A therapeutic massage provides us with many benefits such as reducing stress, relieving pain, enhancing physical performance, and it can also be very nurturing. Stress is a precursor of many diseases, and by managing stress you can assist your body in remaining in the healthy zone. In addition, massage therapy gives us an opportunity to tune out of our fast paced lives and tune into ourselves, which can also enhance our spiritual and emotional well-being.
Benefits of Massage
Here are just a few of the many Physical and Emotional benefits of massage:
- Increases circulation, allowing your body to pump more oxygen and nutrients into tissues and vital organs.
- Stimulates the Lymphatic System – a network of tissues and organs that help rid the body of toxins, waste, and other unwanted materials.
- Lowers Blood Pressure, which can help improve your cardiovascular health.
- Alleviates stress, anxiety, anger, and depression, as well as helping trauma victims reconnect with and reclaim their bodies.
- Helps relieve mood swings, bloating, headaches, weight gain and other PMS symptoms.
- Reduces post-surgical healing time.
- Relaxes and softens injured and overused muscles.
- Reduces spasms and cramping.
- Increases joint flexibility and improves balance in older adults.
- Reduces post-workout recovery time and helps prepare for strenuous exercise.

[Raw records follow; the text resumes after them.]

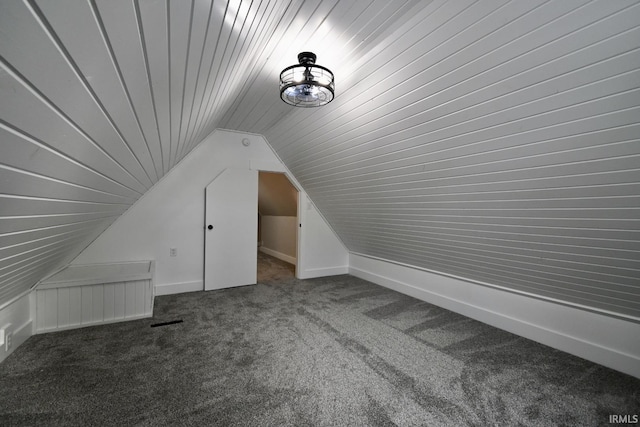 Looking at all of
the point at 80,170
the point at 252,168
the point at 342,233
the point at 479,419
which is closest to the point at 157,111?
the point at 80,170

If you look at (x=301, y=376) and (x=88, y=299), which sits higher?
(x=88, y=299)

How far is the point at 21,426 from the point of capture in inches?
58.0

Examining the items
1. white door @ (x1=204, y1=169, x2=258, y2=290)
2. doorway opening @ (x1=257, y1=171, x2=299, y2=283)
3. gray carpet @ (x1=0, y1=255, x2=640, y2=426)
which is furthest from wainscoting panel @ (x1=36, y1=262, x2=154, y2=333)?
doorway opening @ (x1=257, y1=171, x2=299, y2=283)

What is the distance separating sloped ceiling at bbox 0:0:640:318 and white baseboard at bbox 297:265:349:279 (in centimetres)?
216

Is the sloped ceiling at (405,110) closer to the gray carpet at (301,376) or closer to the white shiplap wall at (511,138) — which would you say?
the white shiplap wall at (511,138)

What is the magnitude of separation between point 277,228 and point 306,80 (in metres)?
4.94

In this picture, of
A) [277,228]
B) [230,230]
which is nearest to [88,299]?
[230,230]

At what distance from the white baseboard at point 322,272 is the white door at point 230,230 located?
85 centimetres

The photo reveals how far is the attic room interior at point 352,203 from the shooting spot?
78 cm

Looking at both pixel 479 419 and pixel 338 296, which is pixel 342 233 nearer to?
pixel 338 296

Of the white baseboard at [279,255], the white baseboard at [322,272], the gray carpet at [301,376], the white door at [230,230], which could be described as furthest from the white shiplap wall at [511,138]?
the white baseboard at [279,255]

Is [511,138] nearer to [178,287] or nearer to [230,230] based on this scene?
[230,230]

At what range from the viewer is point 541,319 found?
2568mm

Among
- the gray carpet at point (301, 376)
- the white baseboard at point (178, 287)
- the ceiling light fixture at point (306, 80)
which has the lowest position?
the gray carpet at point (301, 376) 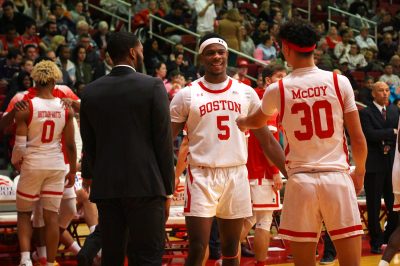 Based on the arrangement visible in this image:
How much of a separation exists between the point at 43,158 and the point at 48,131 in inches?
11.1

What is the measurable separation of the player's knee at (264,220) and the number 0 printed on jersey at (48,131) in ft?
7.44

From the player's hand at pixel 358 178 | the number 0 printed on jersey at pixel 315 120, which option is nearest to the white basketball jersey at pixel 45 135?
the number 0 printed on jersey at pixel 315 120

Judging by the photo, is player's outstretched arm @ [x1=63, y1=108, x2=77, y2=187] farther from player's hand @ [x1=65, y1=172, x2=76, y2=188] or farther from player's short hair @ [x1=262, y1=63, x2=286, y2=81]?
player's short hair @ [x1=262, y1=63, x2=286, y2=81]

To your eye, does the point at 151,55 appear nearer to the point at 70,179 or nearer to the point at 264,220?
the point at 70,179

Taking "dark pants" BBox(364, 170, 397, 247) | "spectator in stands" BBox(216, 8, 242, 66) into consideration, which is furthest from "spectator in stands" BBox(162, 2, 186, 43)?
"dark pants" BBox(364, 170, 397, 247)

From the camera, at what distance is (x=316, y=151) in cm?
546

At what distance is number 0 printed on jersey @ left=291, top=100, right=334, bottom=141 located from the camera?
17.8ft

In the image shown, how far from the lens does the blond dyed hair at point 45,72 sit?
825cm

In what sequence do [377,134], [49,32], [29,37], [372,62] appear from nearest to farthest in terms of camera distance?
[377,134] → [29,37] → [49,32] → [372,62]

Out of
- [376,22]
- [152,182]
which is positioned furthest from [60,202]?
[376,22]

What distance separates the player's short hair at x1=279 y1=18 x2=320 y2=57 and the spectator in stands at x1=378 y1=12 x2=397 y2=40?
56.9 feet

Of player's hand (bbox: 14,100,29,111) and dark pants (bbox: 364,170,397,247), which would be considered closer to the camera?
player's hand (bbox: 14,100,29,111)

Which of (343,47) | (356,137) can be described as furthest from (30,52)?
(356,137)

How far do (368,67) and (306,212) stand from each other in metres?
14.7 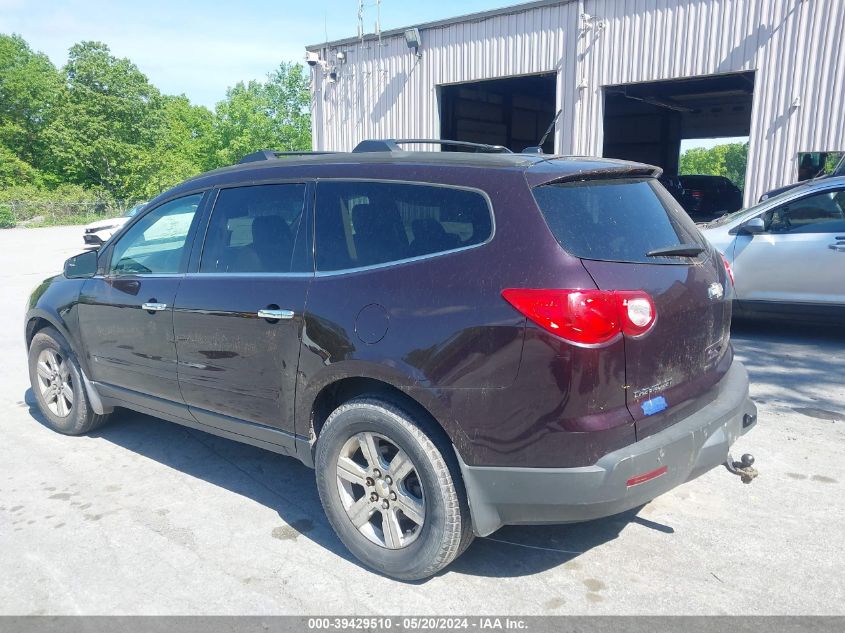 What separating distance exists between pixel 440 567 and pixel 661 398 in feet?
3.88

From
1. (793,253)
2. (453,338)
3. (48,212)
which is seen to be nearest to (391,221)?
(453,338)

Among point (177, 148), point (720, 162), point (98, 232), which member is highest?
point (177, 148)

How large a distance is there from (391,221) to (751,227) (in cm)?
539

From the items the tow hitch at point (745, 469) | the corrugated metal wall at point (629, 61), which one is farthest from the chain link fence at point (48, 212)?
the tow hitch at point (745, 469)

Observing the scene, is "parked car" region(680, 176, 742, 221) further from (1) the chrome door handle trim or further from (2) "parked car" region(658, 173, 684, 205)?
(1) the chrome door handle trim

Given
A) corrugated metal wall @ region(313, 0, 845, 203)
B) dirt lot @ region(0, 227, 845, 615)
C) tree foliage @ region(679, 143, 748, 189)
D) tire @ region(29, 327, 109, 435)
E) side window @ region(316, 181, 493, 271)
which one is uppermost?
tree foliage @ region(679, 143, 748, 189)

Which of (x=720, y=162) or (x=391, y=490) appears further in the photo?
(x=720, y=162)

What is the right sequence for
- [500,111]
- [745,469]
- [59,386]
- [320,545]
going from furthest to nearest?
[500,111] → [59,386] → [320,545] → [745,469]

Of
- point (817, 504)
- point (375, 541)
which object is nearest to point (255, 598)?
point (375, 541)

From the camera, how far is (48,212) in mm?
35750

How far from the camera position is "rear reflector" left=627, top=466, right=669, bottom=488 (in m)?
2.61

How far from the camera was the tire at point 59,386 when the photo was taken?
481cm

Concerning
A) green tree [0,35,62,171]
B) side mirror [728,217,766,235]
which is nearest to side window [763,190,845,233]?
side mirror [728,217,766,235]

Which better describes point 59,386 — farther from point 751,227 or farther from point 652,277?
point 751,227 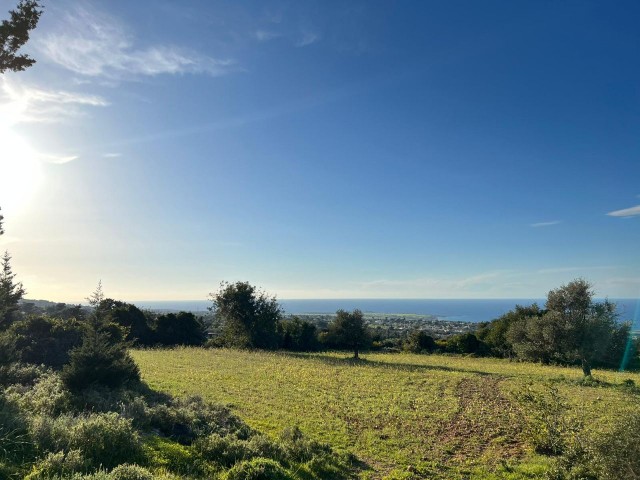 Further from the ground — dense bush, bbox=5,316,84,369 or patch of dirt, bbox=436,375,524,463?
dense bush, bbox=5,316,84,369

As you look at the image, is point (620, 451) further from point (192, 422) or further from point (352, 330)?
point (352, 330)

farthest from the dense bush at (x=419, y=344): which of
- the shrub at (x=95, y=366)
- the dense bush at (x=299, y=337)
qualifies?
the shrub at (x=95, y=366)

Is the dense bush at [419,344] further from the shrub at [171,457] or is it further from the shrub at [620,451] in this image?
the shrub at [171,457]

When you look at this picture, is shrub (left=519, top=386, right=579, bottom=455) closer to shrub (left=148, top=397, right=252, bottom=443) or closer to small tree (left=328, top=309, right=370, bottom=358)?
shrub (left=148, top=397, right=252, bottom=443)

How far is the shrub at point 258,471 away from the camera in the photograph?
30.9ft

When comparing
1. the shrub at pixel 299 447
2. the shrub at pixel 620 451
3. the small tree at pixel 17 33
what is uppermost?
the small tree at pixel 17 33

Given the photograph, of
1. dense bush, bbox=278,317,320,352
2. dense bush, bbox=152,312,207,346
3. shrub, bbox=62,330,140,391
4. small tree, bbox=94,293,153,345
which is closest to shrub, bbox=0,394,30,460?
shrub, bbox=62,330,140,391

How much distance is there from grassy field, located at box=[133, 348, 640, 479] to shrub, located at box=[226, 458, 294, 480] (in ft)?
9.18

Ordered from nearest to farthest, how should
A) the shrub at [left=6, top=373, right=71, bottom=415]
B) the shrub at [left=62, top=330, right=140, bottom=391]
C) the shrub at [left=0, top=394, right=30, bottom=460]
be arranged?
the shrub at [left=0, top=394, right=30, bottom=460] → the shrub at [left=6, top=373, right=71, bottom=415] → the shrub at [left=62, top=330, right=140, bottom=391]

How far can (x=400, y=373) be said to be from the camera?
32250mm

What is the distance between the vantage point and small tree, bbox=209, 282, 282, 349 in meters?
56.6

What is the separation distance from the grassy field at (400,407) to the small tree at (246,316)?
22244 millimetres

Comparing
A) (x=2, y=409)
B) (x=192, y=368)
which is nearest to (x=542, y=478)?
(x=2, y=409)

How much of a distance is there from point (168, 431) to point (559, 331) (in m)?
35.3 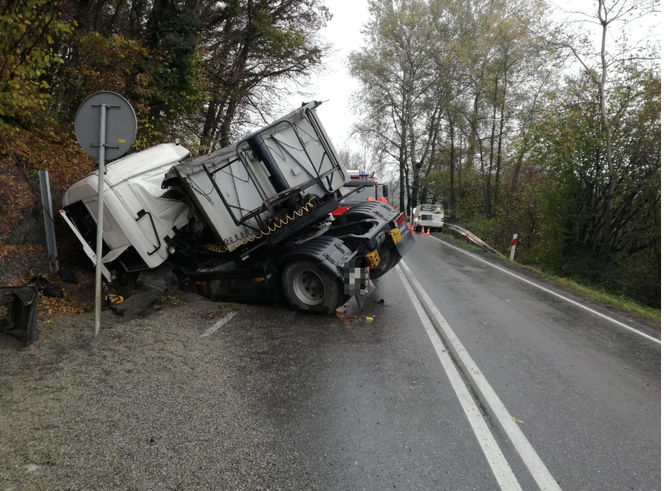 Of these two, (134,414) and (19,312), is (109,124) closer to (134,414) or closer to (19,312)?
(19,312)

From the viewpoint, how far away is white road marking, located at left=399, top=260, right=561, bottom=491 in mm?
2592

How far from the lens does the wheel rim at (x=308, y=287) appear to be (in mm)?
5734

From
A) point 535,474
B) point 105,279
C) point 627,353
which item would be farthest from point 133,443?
point 627,353

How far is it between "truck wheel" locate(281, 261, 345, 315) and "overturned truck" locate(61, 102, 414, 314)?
0.01 meters

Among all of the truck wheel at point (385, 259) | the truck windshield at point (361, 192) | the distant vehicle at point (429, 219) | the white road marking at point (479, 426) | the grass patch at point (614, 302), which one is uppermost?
the truck windshield at point (361, 192)

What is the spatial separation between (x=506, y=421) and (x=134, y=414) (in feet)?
9.52

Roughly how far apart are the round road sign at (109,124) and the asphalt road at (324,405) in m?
2.13

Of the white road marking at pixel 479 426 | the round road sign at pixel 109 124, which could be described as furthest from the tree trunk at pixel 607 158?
the round road sign at pixel 109 124

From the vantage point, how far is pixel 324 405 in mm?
3391

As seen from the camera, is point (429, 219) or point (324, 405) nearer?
point (324, 405)

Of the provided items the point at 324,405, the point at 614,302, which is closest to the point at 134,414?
the point at 324,405

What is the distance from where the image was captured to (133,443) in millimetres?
2725

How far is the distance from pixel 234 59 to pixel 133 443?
17.3 m

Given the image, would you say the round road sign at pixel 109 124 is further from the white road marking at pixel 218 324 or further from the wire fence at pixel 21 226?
the wire fence at pixel 21 226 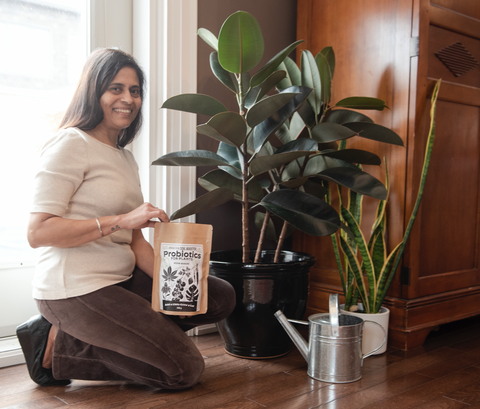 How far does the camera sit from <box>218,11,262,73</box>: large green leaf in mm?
1554

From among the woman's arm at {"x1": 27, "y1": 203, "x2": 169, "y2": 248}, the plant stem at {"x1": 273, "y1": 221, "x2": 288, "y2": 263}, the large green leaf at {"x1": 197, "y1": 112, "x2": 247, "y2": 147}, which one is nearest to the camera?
the woman's arm at {"x1": 27, "y1": 203, "x2": 169, "y2": 248}

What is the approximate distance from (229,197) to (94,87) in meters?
0.58

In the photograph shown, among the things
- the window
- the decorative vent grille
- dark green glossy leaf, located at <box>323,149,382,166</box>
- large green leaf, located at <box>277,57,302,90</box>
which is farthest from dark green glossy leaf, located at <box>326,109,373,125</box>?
the window

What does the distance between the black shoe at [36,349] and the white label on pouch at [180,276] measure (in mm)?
447

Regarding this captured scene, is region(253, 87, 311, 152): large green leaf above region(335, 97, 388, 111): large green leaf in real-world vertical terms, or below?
below

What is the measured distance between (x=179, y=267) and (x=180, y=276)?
0.03 meters

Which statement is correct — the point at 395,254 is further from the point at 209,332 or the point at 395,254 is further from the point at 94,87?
the point at 94,87

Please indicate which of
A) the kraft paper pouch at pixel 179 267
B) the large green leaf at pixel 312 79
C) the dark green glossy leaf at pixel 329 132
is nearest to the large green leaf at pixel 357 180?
the dark green glossy leaf at pixel 329 132

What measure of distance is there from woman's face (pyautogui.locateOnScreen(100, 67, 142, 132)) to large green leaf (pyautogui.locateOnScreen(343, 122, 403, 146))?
0.80 metres

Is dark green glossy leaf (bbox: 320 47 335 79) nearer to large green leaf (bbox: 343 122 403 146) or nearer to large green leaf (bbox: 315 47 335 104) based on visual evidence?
large green leaf (bbox: 315 47 335 104)

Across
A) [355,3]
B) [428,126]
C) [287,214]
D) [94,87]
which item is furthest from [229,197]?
[355,3]

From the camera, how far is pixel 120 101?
1587mm

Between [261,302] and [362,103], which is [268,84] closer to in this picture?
[362,103]

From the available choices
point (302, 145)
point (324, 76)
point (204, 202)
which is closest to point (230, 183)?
point (204, 202) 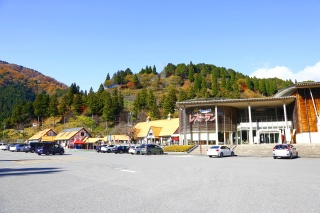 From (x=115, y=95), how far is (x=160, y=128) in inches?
1565

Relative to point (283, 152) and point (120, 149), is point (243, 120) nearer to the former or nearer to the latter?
point (120, 149)

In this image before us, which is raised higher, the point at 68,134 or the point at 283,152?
the point at 68,134

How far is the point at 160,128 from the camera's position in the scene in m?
65.5

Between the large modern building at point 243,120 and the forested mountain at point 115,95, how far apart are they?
2595cm

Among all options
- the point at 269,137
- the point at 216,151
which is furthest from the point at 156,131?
the point at 216,151

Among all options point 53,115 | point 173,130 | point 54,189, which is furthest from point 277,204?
point 53,115

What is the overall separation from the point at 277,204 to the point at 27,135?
101 m

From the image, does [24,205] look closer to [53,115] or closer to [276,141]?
[276,141]

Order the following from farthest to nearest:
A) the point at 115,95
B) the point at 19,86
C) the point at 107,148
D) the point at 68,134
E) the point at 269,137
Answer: the point at 19,86, the point at 115,95, the point at 68,134, the point at 269,137, the point at 107,148

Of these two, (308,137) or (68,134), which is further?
(68,134)

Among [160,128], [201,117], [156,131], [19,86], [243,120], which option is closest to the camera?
[201,117]

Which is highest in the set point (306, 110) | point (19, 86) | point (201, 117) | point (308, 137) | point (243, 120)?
point (19, 86)

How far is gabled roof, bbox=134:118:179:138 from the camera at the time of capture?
6189cm

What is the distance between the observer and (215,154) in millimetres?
29750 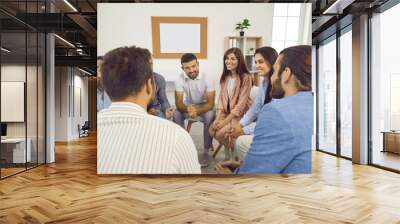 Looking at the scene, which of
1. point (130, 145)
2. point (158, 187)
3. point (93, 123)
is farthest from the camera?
point (93, 123)

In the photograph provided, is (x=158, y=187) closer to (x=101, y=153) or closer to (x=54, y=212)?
(x=101, y=153)

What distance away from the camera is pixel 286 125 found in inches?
257

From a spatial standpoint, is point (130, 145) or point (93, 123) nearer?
point (130, 145)

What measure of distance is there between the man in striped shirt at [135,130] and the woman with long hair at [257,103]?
0.76 meters

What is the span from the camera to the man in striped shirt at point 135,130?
6.39m

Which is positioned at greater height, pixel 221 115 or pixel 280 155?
pixel 221 115

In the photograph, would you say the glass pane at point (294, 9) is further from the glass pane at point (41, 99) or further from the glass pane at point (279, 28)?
the glass pane at point (41, 99)

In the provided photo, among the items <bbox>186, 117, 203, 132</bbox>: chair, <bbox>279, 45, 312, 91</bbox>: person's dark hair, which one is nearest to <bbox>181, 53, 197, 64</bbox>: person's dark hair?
<bbox>186, 117, 203, 132</bbox>: chair

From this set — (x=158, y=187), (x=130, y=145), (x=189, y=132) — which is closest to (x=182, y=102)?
(x=189, y=132)

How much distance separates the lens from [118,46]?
652cm

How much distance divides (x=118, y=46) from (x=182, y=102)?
1.40 m

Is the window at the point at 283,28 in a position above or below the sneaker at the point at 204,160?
above

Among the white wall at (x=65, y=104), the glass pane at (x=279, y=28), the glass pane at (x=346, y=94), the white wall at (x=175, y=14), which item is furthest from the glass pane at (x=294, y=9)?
the white wall at (x=65, y=104)

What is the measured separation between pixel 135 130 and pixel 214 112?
132 cm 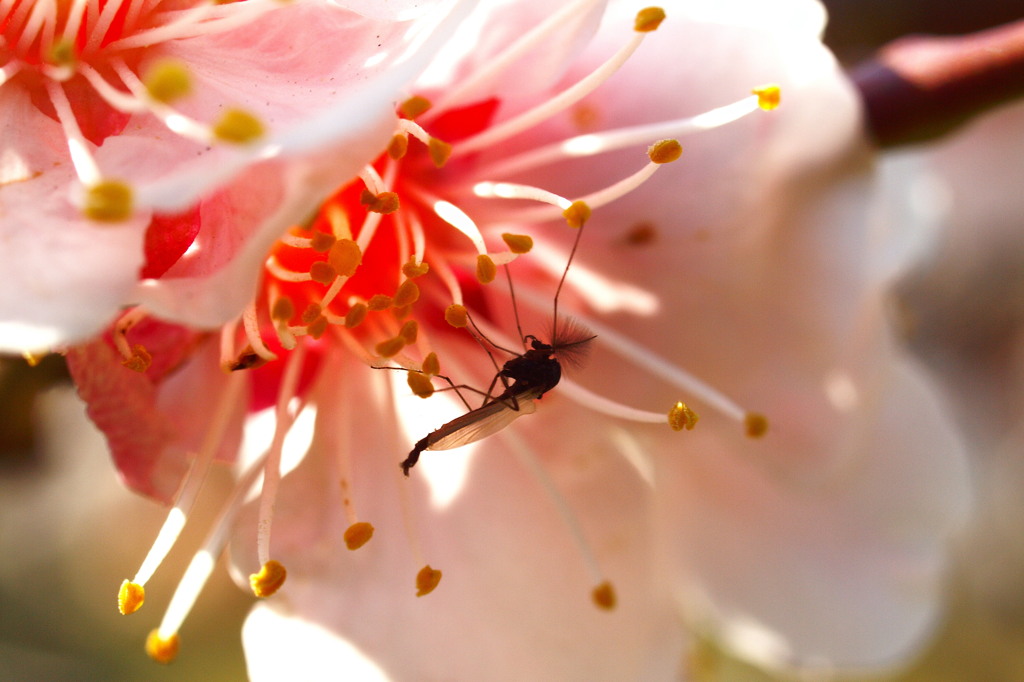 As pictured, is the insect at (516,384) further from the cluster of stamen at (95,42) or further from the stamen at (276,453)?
the cluster of stamen at (95,42)

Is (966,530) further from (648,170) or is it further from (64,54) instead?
(64,54)

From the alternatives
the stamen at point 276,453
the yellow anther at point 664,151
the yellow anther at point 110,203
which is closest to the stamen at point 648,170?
the yellow anther at point 664,151

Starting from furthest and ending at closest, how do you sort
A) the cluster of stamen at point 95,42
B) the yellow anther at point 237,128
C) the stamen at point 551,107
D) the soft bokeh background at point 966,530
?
the soft bokeh background at point 966,530
the stamen at point 551,107
the cluster of stamen at point 95,42
the yellow anther at point 237,128

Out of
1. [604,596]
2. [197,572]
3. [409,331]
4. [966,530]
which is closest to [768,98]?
[409,331]

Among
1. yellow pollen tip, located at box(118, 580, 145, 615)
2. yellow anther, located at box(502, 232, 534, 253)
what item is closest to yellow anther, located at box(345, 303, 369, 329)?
yellow anther, located at box(502, 232, 534, 253)

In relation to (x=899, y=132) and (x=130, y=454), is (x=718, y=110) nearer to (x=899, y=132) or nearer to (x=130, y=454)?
(x=899, y=132)

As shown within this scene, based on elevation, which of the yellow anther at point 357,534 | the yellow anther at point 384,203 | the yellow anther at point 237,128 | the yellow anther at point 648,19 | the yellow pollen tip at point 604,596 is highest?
the yellow anther at point 237,128

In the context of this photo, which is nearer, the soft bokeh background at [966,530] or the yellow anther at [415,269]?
the yellow anther at [415,269]
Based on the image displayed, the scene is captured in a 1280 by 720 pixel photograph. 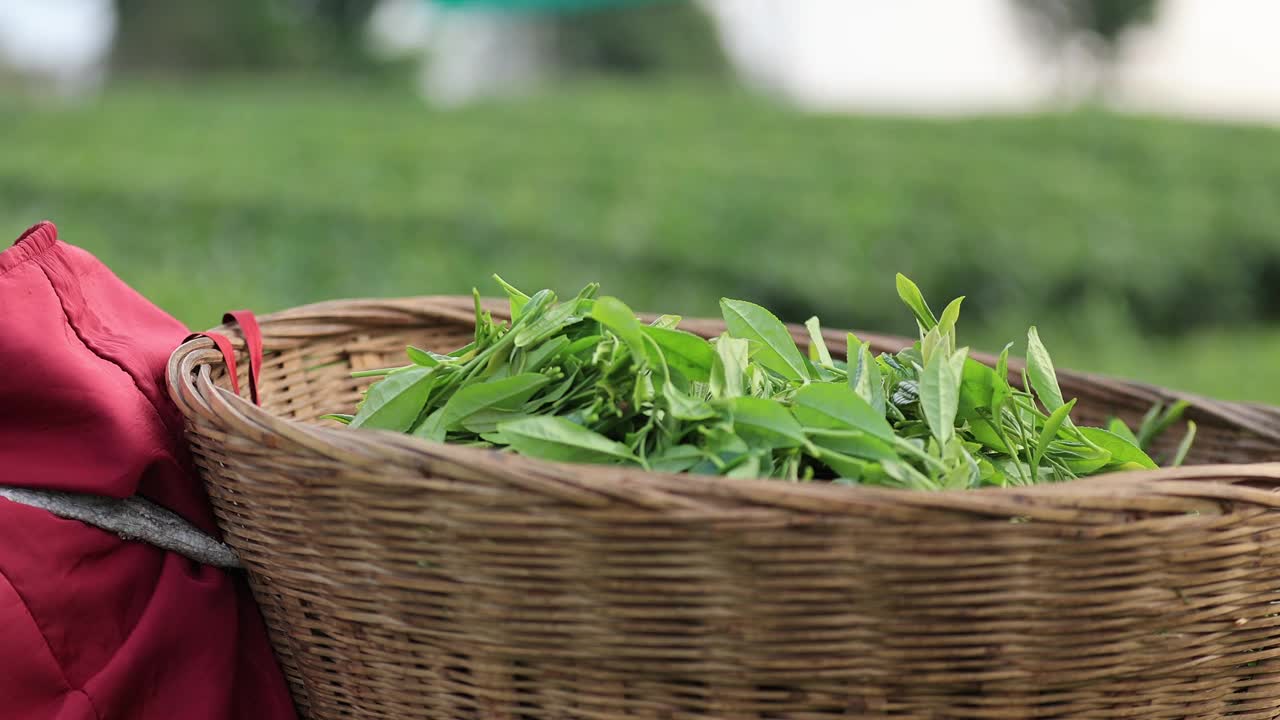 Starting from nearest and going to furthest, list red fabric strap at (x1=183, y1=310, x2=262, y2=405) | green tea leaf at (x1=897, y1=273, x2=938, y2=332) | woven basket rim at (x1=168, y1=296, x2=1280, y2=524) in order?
woven basket rim at (x1=168, y1=296, x2=1280, y2=524) → green tea leaf at (x1=897, y1=273, x2=938, y2=332) → red fabric strap at (x1=183, y1=310, x2=262, y2=405)

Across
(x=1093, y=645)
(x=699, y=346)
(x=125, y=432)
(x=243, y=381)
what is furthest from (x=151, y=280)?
(x=1093, y=645)

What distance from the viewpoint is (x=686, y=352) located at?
1081 millimetres

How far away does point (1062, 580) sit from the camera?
2.91 ft

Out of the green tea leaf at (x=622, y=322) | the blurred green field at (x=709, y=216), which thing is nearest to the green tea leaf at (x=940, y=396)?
the green tea leaf at (x=622, y=322)

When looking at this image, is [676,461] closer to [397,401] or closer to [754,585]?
[754,585]

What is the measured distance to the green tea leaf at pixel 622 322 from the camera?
101 cm

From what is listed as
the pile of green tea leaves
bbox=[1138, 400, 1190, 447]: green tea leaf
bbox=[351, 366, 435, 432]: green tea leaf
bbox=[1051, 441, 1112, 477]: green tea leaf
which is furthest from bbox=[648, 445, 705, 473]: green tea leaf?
bbox=[1138, 400, 1190, 447]: green tea leaf

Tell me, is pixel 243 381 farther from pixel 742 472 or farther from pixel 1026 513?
pixel 1026 513

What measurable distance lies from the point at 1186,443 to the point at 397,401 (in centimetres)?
92

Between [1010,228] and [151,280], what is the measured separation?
11.0ft

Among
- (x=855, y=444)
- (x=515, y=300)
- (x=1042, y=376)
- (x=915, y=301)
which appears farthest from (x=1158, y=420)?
(x=515, y=300)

- Releases endorphins – the body’s natural painkiller – which helps cope to control and relieve pain associated with chronic illness, injury and post-op recovery.
- Reduces post-surgery adhesions and edema, and can be used to reduce and realign scar tissue after healing has occurred.
- Improves range-of-motion and decreases discomfort for patients with low back pain.
- Relieves pain for migraine sufferers and decreases the need for medication.
- Provides exercise and stretching for atrophied muscles and reduces shortening of the muscles for those with restricted range of motion.
- Assists with shorter labor for expectant mothers, as well as less need for medication and shorter hospital stays.
Changing Public Perception: from Luxury to Healthcare
Words like relaxation and pampering have often been used to describe a person’s idea of a good massage. For example, according to a survey commissioned by the American Massage Therapy Association (AMTA) several years ago, 26 percent of the 39 million Americans who got a massage that year said it was for relaxation or stress reduction, and another 11 percent said it was to pamper themselves. Only 30 percent of those surveyed had mentioned getting massage therapy for medical or health reasons.
This trend is changing. According to AMTA’s 19th annual consumer survey, completed in 2015, 72 percent of consumers agree that massage therapy should be considered a form of healthcare. Out of those surveyed, 52 percent stated that their primary reason for receiving a massage was medical. The shift in public opinion is well justified. In addition to the great relaxation and stress-relief benefits, which play an important role in one’s overall health and wellness, massage provides significant medical benefits that deserve to be recognized.
Massage therapy has been shown to address serious health issues by relieving symptoms associated with a variety of conditions. According to Dr. Candice Pert, the preventative benefits of massage are so great that “we could replace 90% of mainstream medicine with a WEEKLY Massage”. Take a look at the benefits list for just some of the ways in which massage therapy can be effective.